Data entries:

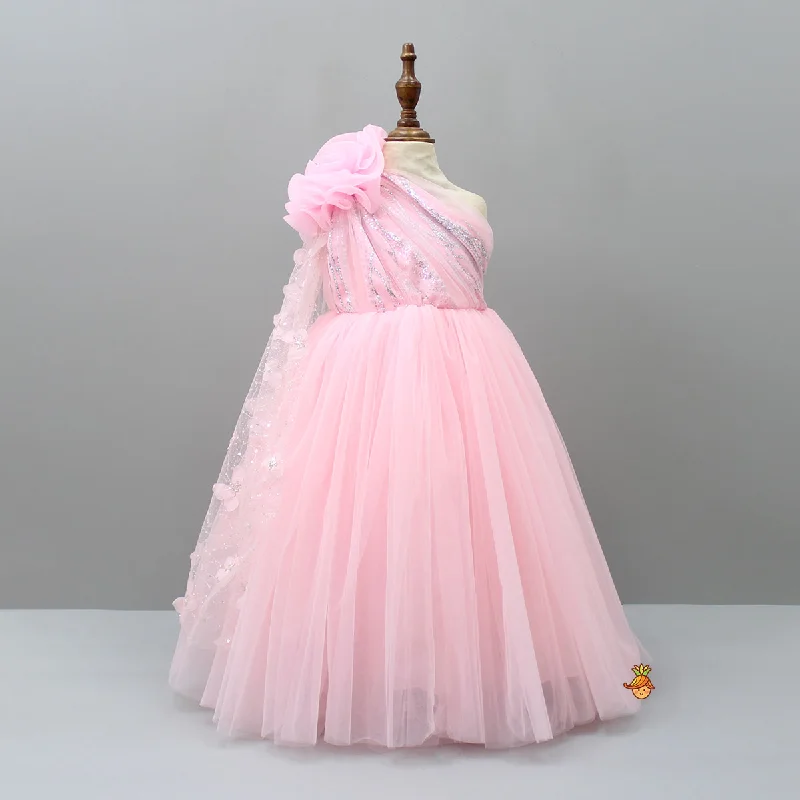 Party dress with statement sleeves -Pre Order: One Shoulder Pink Net Drape Gown
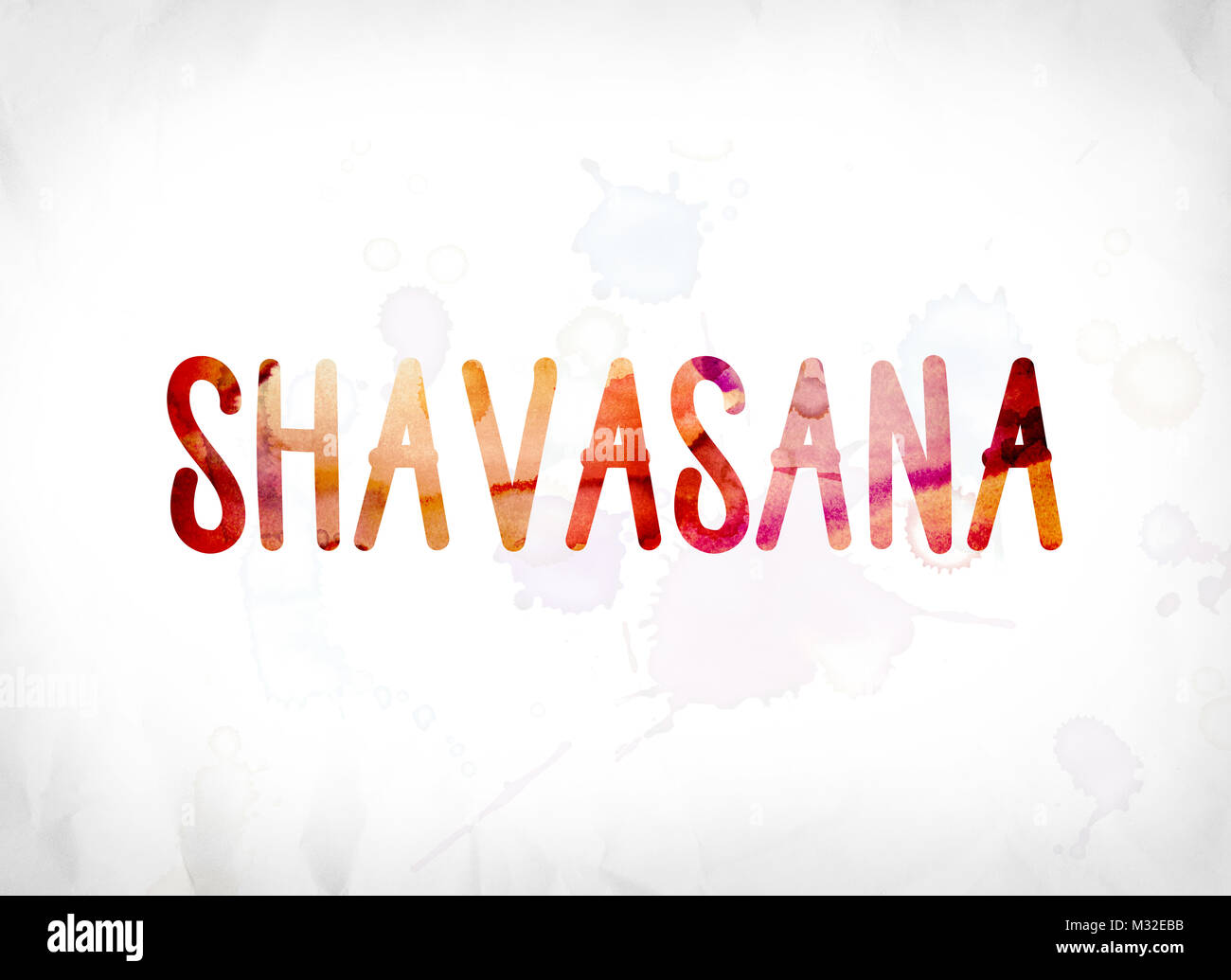 La parola Shavasana concetto e dipinti a tema in acquerelli colorati su un libro bianco sullo sfondo. Foto Stock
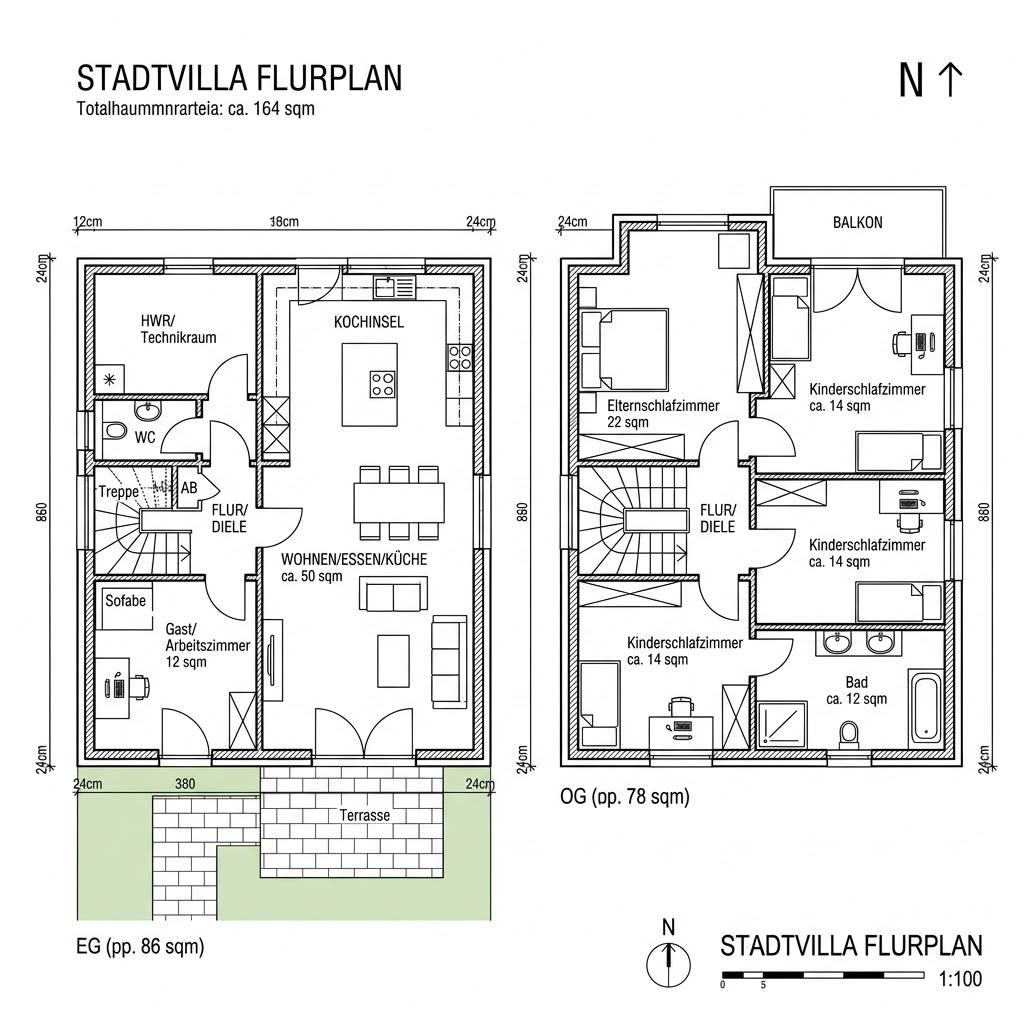 Stadtvilla Öko Stadtvilla 164 von Beilharz Haus — Fertighaus in Holztafelbau mit rund 164 m²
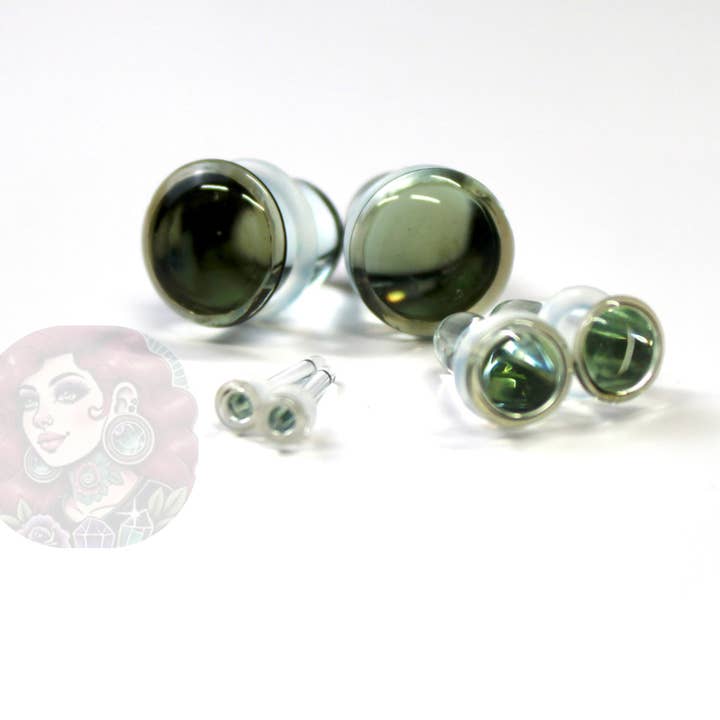 Single Flare Smoky Glass Plugs for Dead Stretching – Sizes 1.6mm (14g) to 10mm (00g), Glass Ear Plugs Sold Per Pair or as a Kit for wholesale by EC Plugs and Gems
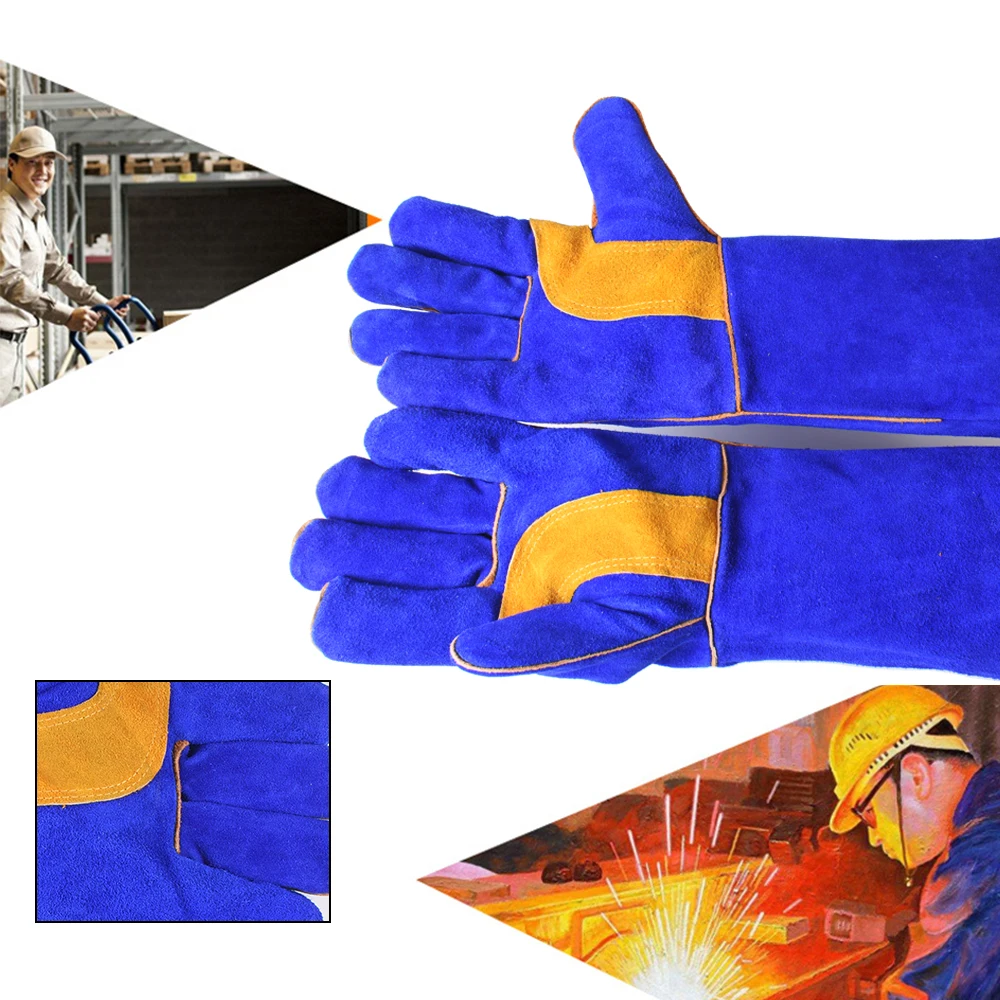 Перчатки для сварки кожаные жаропрочные варежки камина духовки гриля барбекю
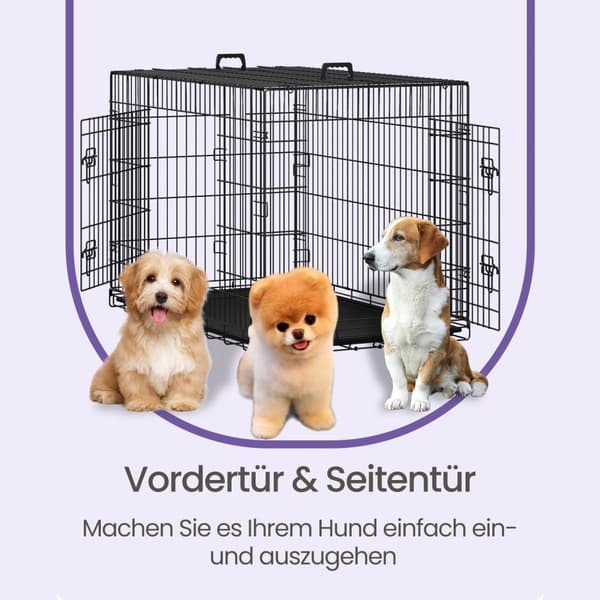 Hund Cage - Foldbar hundeboks med 2 døre, bærbare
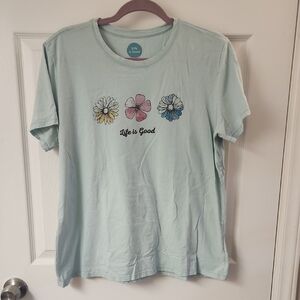 Life Is Good Pastel Blue Floral Tee
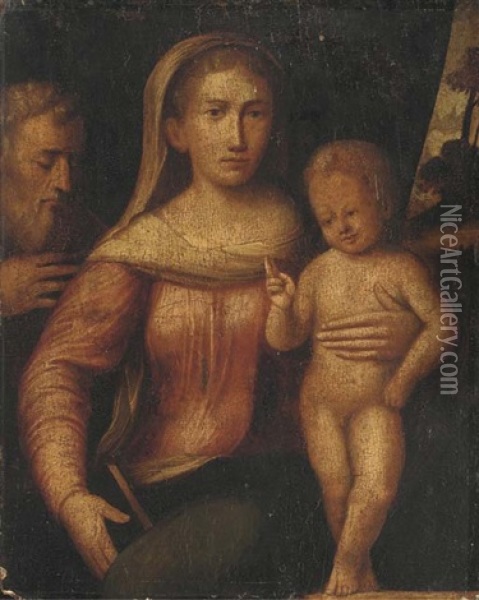 The Holy Family Oil Painting - Giacomo Francia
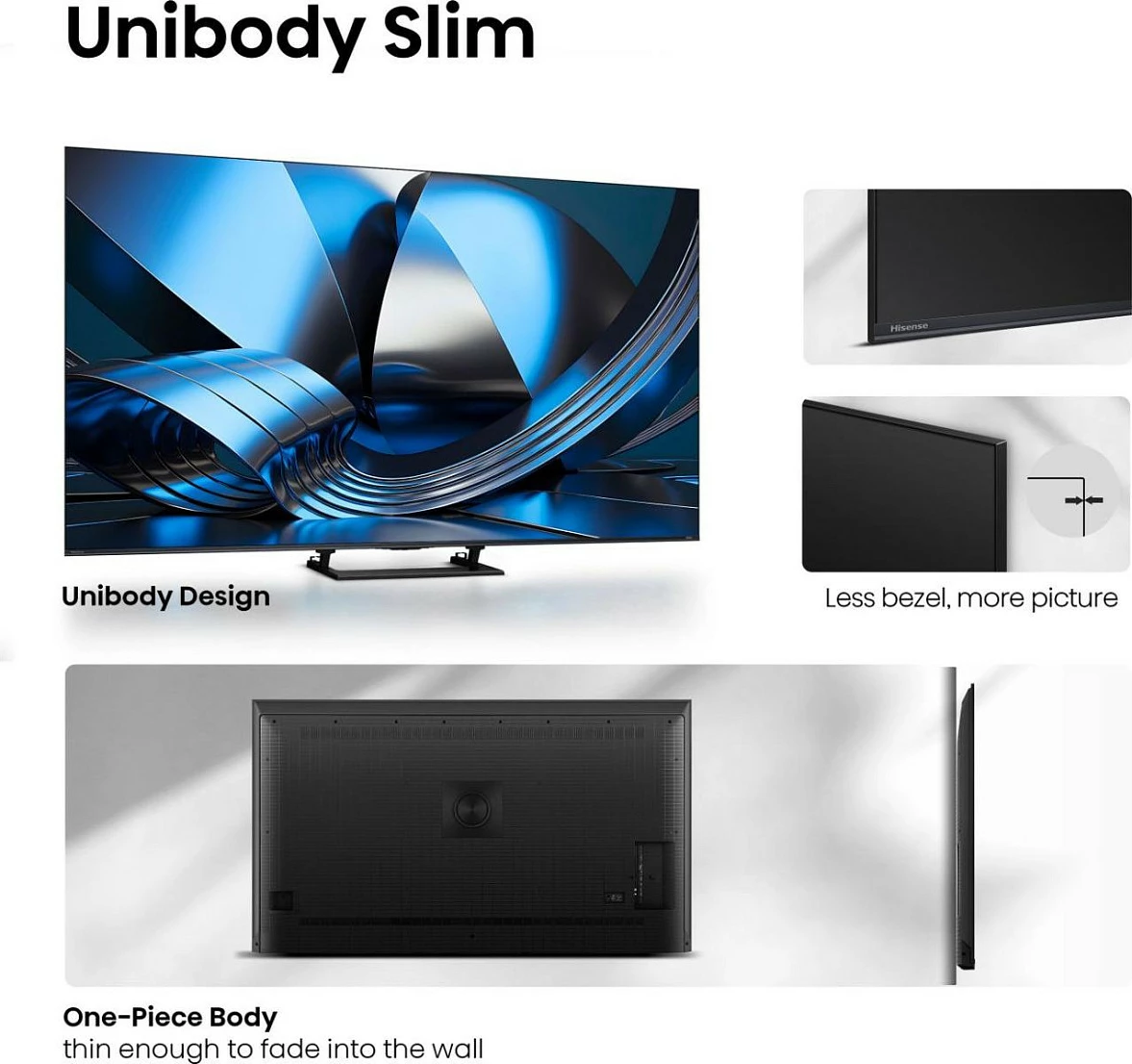 Smart TV Hisense 55U7SE, 55" 4K ULED MiniLED 144Hz, WiFi/Bluetooth, e zezë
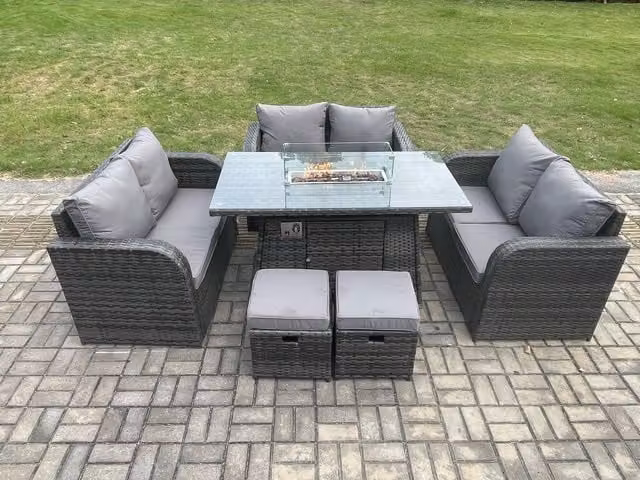 Fimous 8 Seater Outdoor Rattan Garden Dining Set with Gas Fire Pit Table and 2 Small Footstools and Love Sofa in Dark Grey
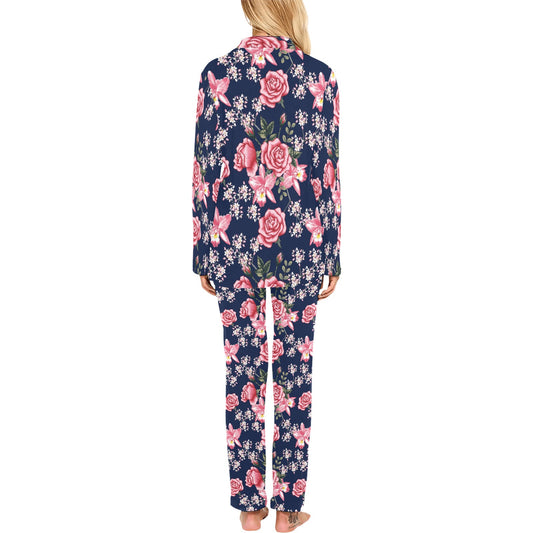 Rose Pattern Print Design A05 Women's Long Pajama Set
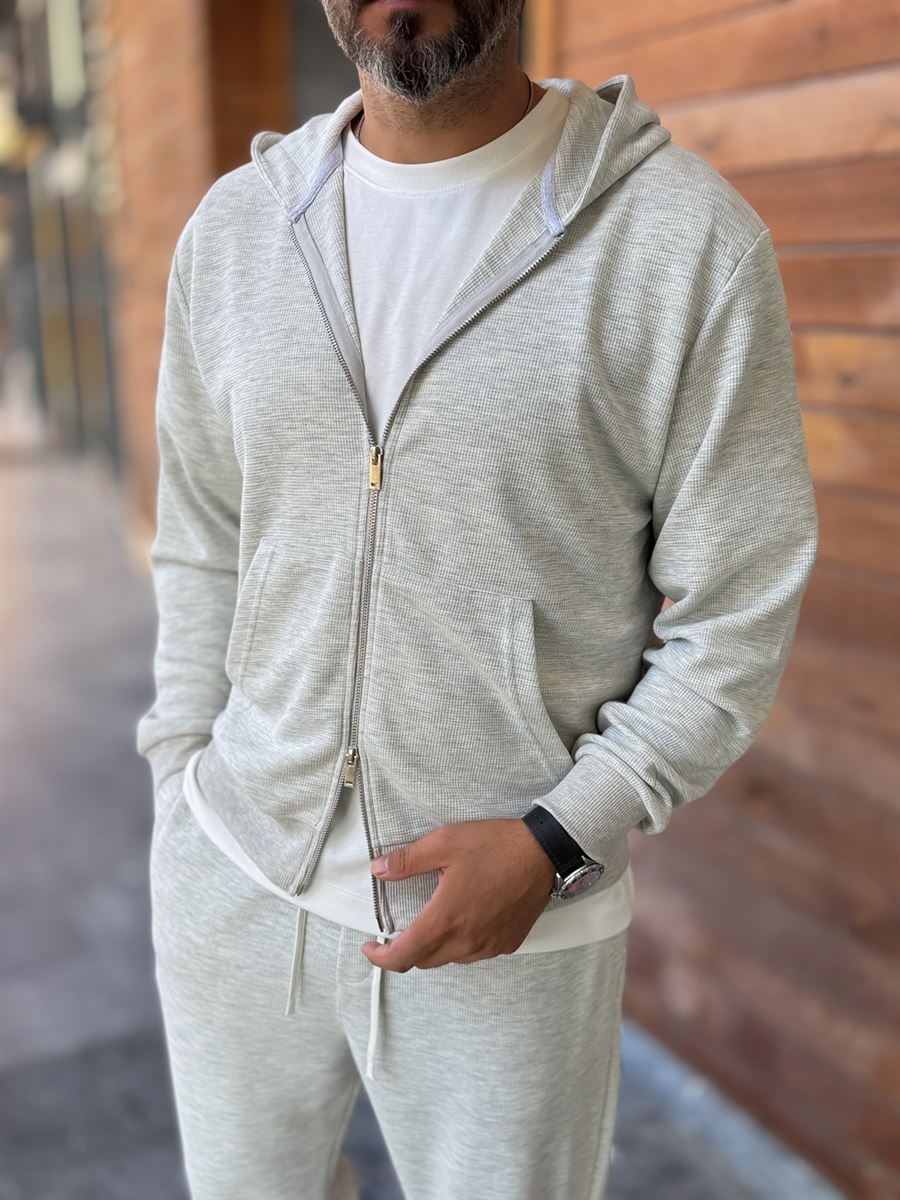 Light Gray Waffle Fabric Zip-Up Sweatshirt MRK-2870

WORK TO COMPLETE:
From the line containing "Life Is Good Pastel Blue Floral Tee" through the last line of the records above, reproduce every line exactly, leaving out the pictures.

RESULT BELOW:
 Life Is Good Pastel Blue Floral Tee
 The Holy Family Oil Painting - Giacomo Francia
 Smart TV Hisense 55U7SE, 55" 4K ULED MiniLED 144Hz, WiFi/Bluetooth, e zezë
 Fimous 8 Seater Outdoor Rattan Garden Dining Set with Gas Fire Pit Table and 2 Small Footstools and Love Sofa in Dark Grey
 Rose Pattern Print Design A05 Women's Long Pajama Set
 Light Gray Waffle Fabric Zip-Up Sweatshirt MRK-2870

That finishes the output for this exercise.